What this task involves:
Nothing but the lines from the one with "V Družstvu 1180, Šenov" through the end of the records may appear in the answer, each reproduced exactly, pictures omitted.
:::::
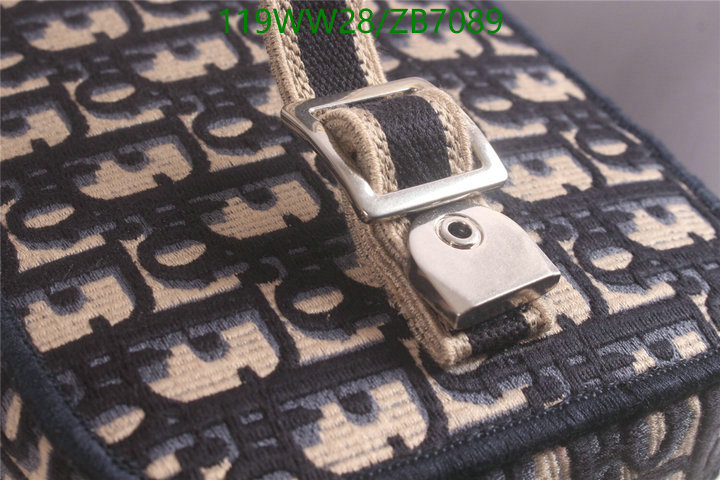 Dior-Bag-4A Quality Code: ZB7089 $: 119USD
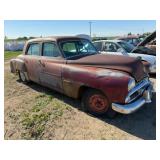 1952 Dodge Coronet, Fluid Drive Flat 6Cyl, Man,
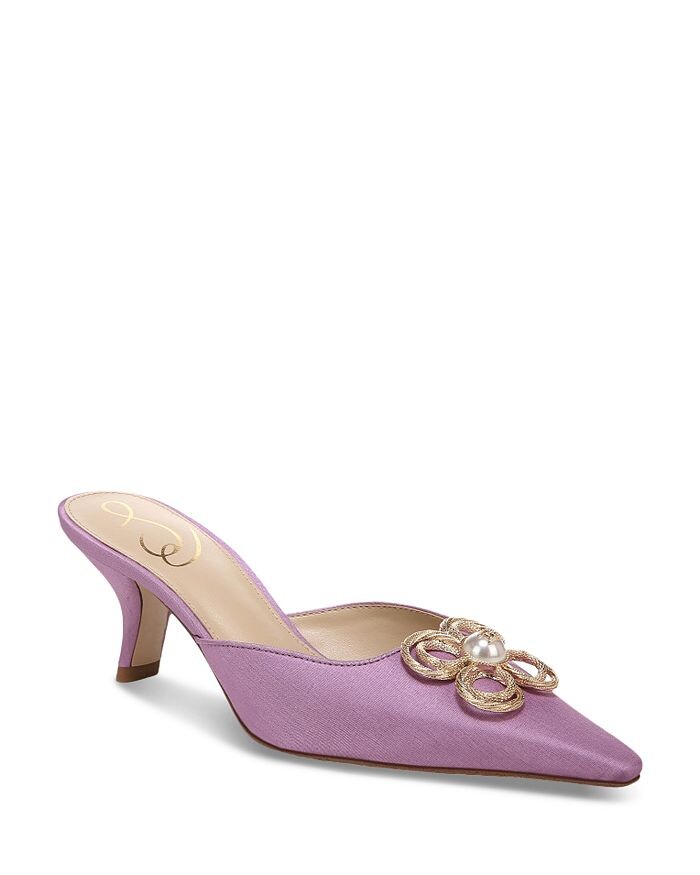 

Женские туфли-лодочки Brit Tour без шнуровки с острым носком Sam Edelman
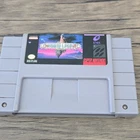 Enix Brain Lord Super Nintendo SNES NTSC-U/C (US/Canada) Dry Battery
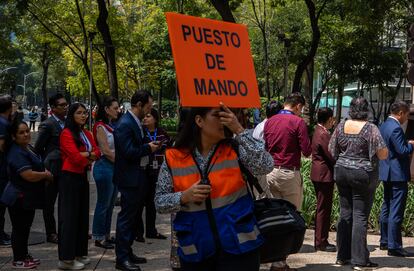 En México se registran más de 3.000 sismos de magnitud igual o superior a 3,5 cada año, por lo que es necesario desarrollar ejercicios de prevención para evaluar la capacidad de respuesta ante una emergencia real.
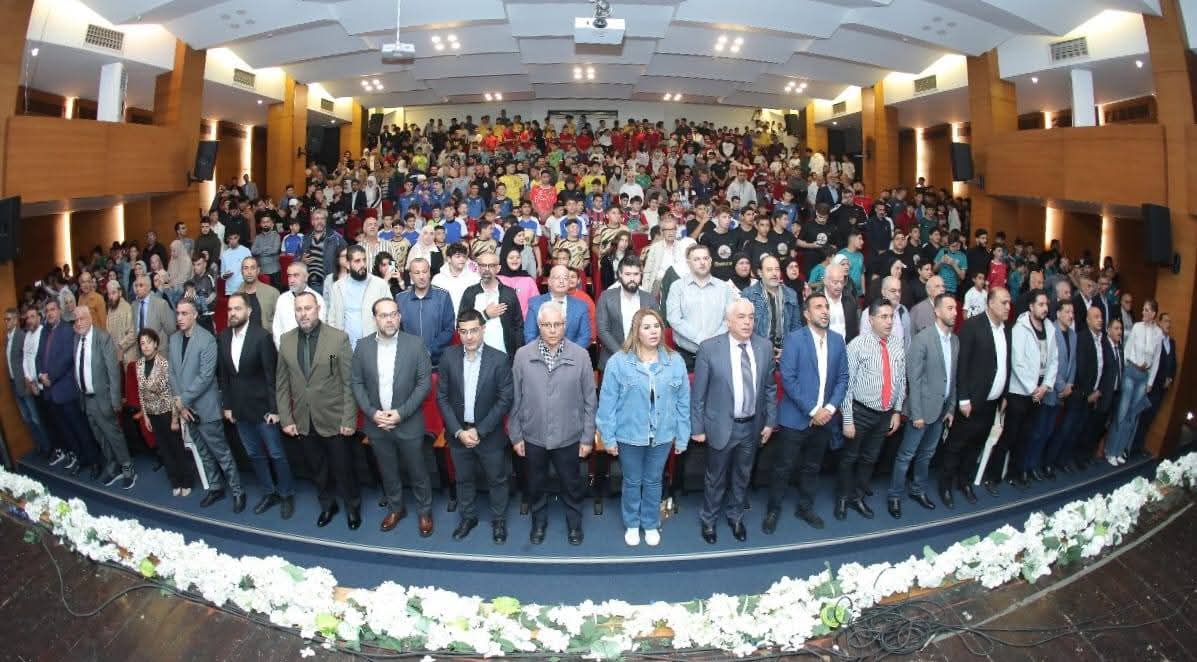 تضامن الأندية الشعبية يختتم بطولة الأندية الأبطال في إحتفال جماهيري برعاية المهندس يحيى مولود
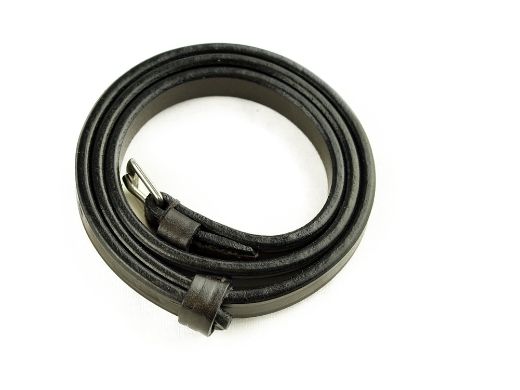 ASCOT FLASH STRAP IN BROWN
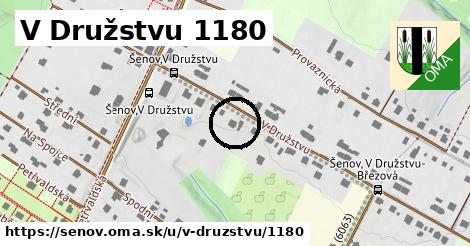 V Družstvu 1180, Šenov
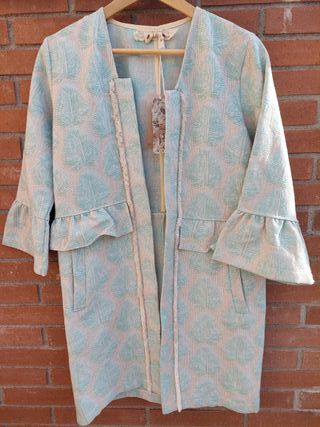 chaqueta nueva regalo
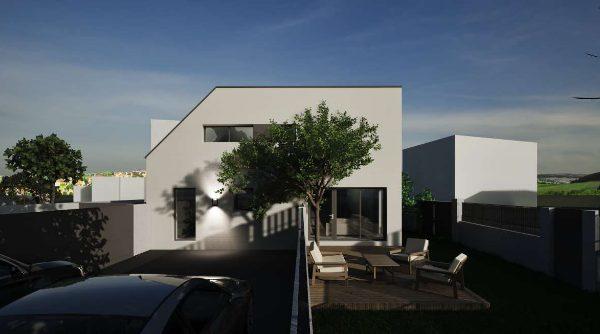 Terrain - 207 m²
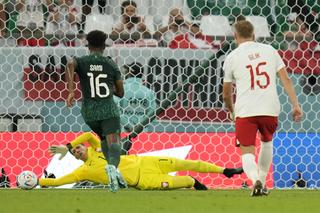 Syn Szczęsnego zalany łzami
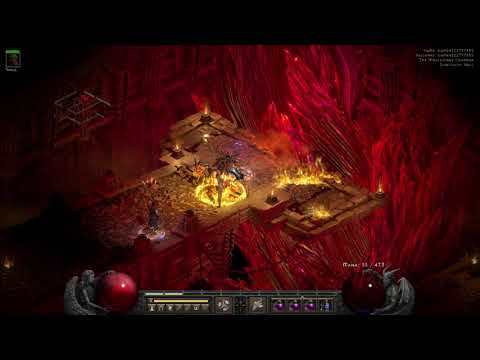 MAX IAS Frenzy Barbarian W/ Highlords VS Atmas VS Angelic Baal Runs D2 Resurrected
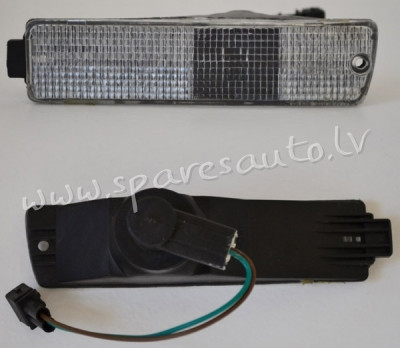 ZVW1607C(K)L - 'OEM: 191953155F' EDA PARTS, (08.89-07.91) L - Pagrieziens Bamperī - VW JETTA (1983-1 Rīga - foto 1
:::::
Solution to this task:
 V Družstvu 1180, Šenov
 chaqueta nueva regalo
 Terrain - 207 m²
 Syn Szczęsnego zalany łzami
 MAX IAS Frenzy Barbarian W/ Highlords VS Atmas VS Angelic Baal Runs D2 Resurrected
 ZVW1607C(K)L - 'OEM: 191953155F' EDA PARTS, (08.89-07.91) L - Pagrieziens Bamperī - VW JETTA (1983-1 Rīga - foto 1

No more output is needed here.